Friday, January 30, 2009

This Moment

Recently I've been reading a lot of haiku, the Japanese-style short poems. What seems to have drawn me to these is that they are succinct and yet capture a moment of life in a clear way that may also be metaphorical. An example is this poem by Sylvia Forges-Ryan:
Sparrow chirping—
     this winter morning
       its white breath

When we engage in the practice of Insight Meditation, one of the objectives, and one of the benefits, is that we come to see the true nature of our experience more clearly. Ultimately we want to see the universal characteristics of each moment of experience —that it is impermanent, ultimately unsatisfactory and lacks an enduring essence or self— as this brings us to spiritual freedom, to a life of contentment. But seeing the specific characteristics of a moment of experience is what brings our lives a richness and newness in each moment, whether seeing the white breath of a sparrow on an icy winter morning, noticing the sweet-sour taste and crisp, firm texture of a Granny Smith apple as we take the first bite, or experiencing the vibratory, dancing quality of an itch on the face as we meditate. Opening to and seeing clearly both the universal and the specific characteristics are such a benefit, I hope you will just take this moment to look, to see and to be completely present for your life. This poem by Shiki Masaoka captures a moment so beautifully:
cutting a pear
sweet drops drip
from the knife

This moment, each moment, will never be here again.

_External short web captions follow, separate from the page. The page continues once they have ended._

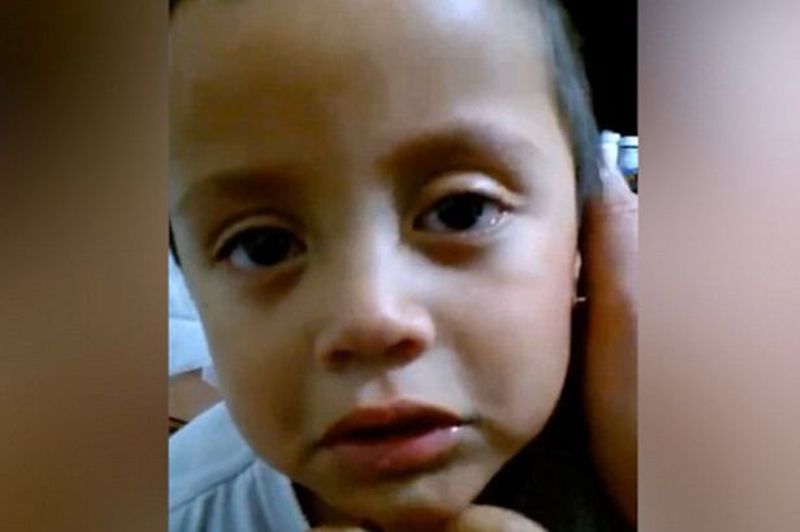 «Μην πεθάνεις μπαμπά, σε παρακαλώ κόψε το ποτό και το κάπνισμα» η σπαρακτική ικεσία ενός 4χρονου (Video) - Media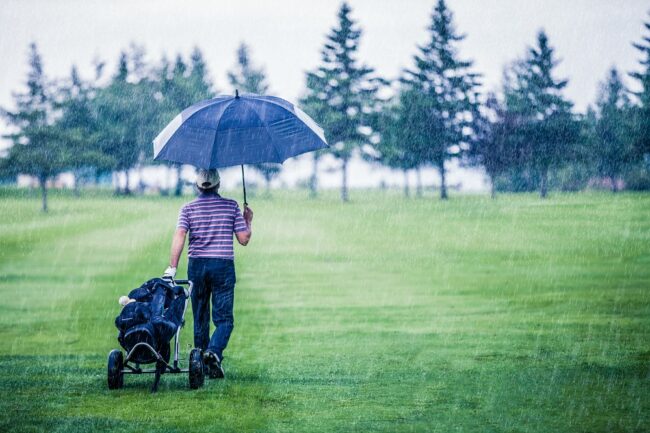 Chơi golf trời mưa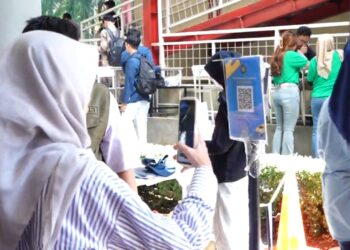 17 Ribu Mahasiswa Baru UB Ambil Almamater dan KTM Secara Terjadwal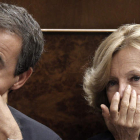 Zapatero, junto a la vicepresidenta de Asuntos Económicos, Elena Salgado, ayer en el pleno extraordinario del Congreso.
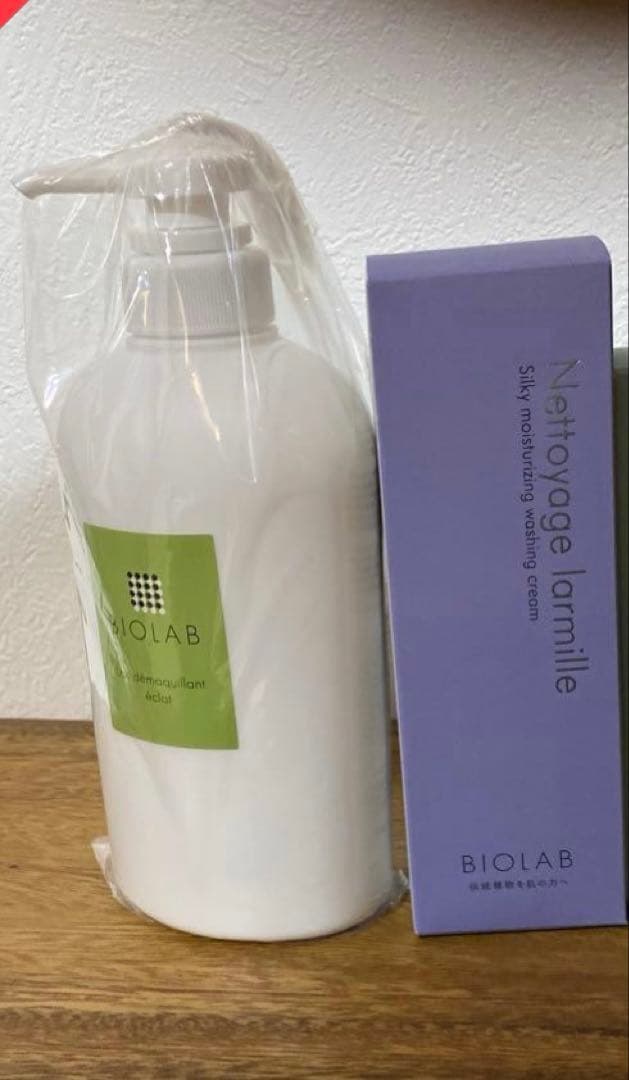 コロコロももちゃん　バイオラブ化粧品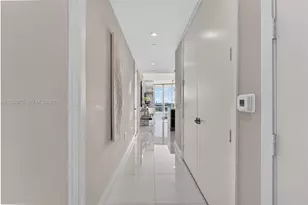 1100 Biscayne Blvd, Miami, FL 33132 - Photo 3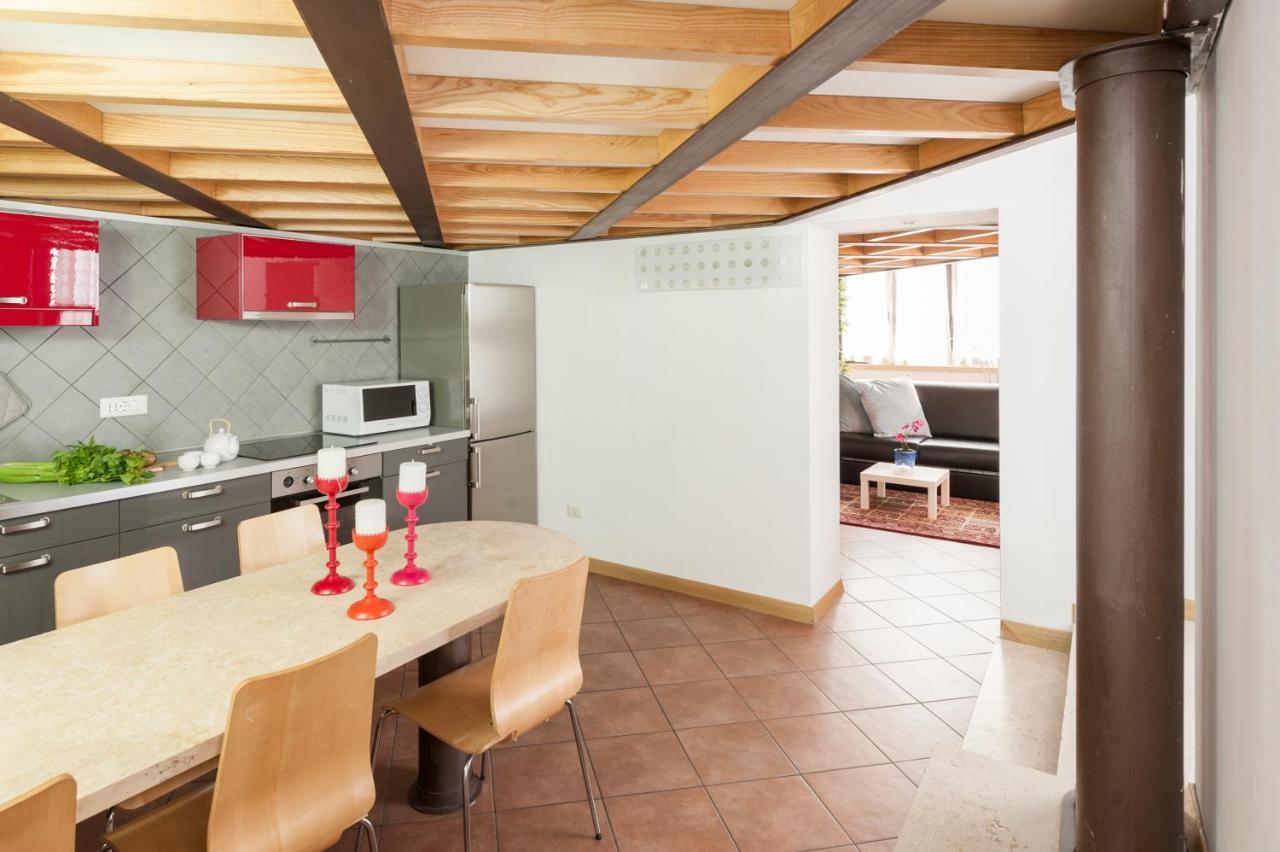 Inviting 3-bed In 4mins To Colosseo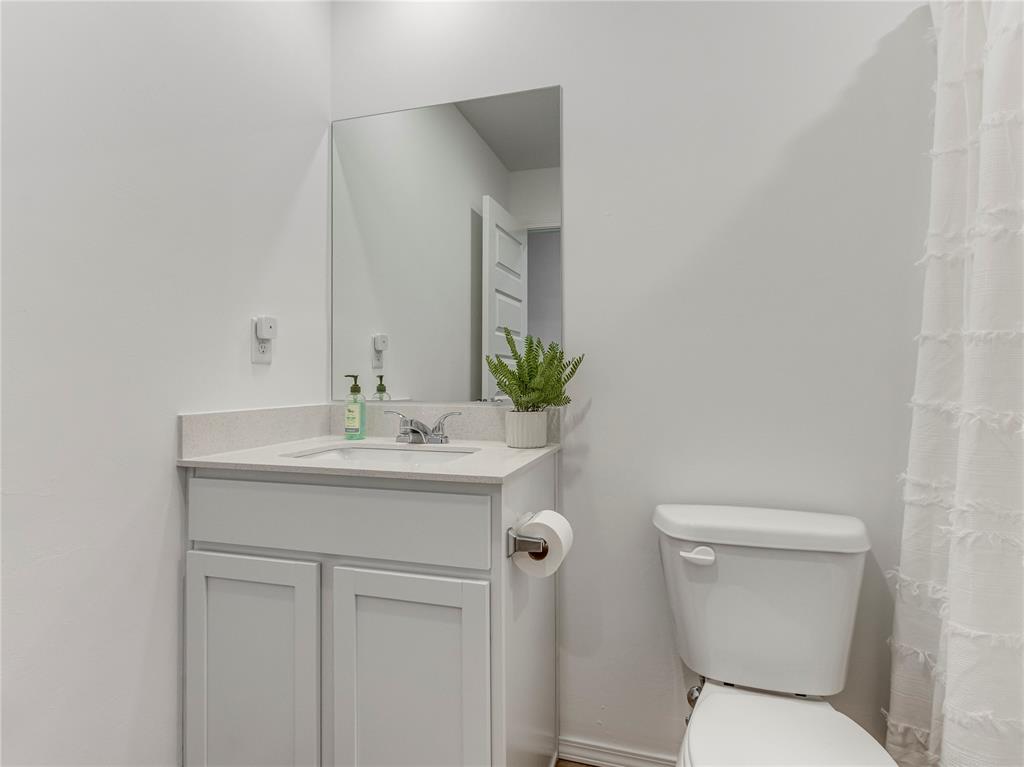 3856 Ada Avenue Property Photo 18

Please look closely, and enjoy!

"Sparrow chirping…", Take a Deep Breath: The Haiku Way to Inner Peace by Sylvia Forges-Ryan and Edward Ryan, p. 90.
"cutting a pear…", Haiku Mind: 108 Poems to Cultivate Awareness and Open Your Heart, p. xi.

Welcome to awake n missouri


The sun rises over the Missouri River. A golden reflection on the water. The beginnings of warmth. The sounds of birds chirping. The smell of, well, the river. A clear, crisp moment in life. A new day dawns.

In the same way, spiritual practice offers the possibility of a new day. We begin to pay attention to our sensory experience in each moment and life opens up, shining bright. We come to realize that there is no "me" separate from life, separate from what is and the struggle falls away, perhaps for a moment, perhaps longer. These are the possibilities of awakening.

As the subtitle says, this blog is about exploring awakening in a Midwestern life, a life that is not especially dramatic and that is pretty ordinary. There is no one to be awakened, no one who is awake, yet awakening happens. What is it? What seems to lead to it? What is it like in an ordinary Midwestern life? These are questions I hope to explore.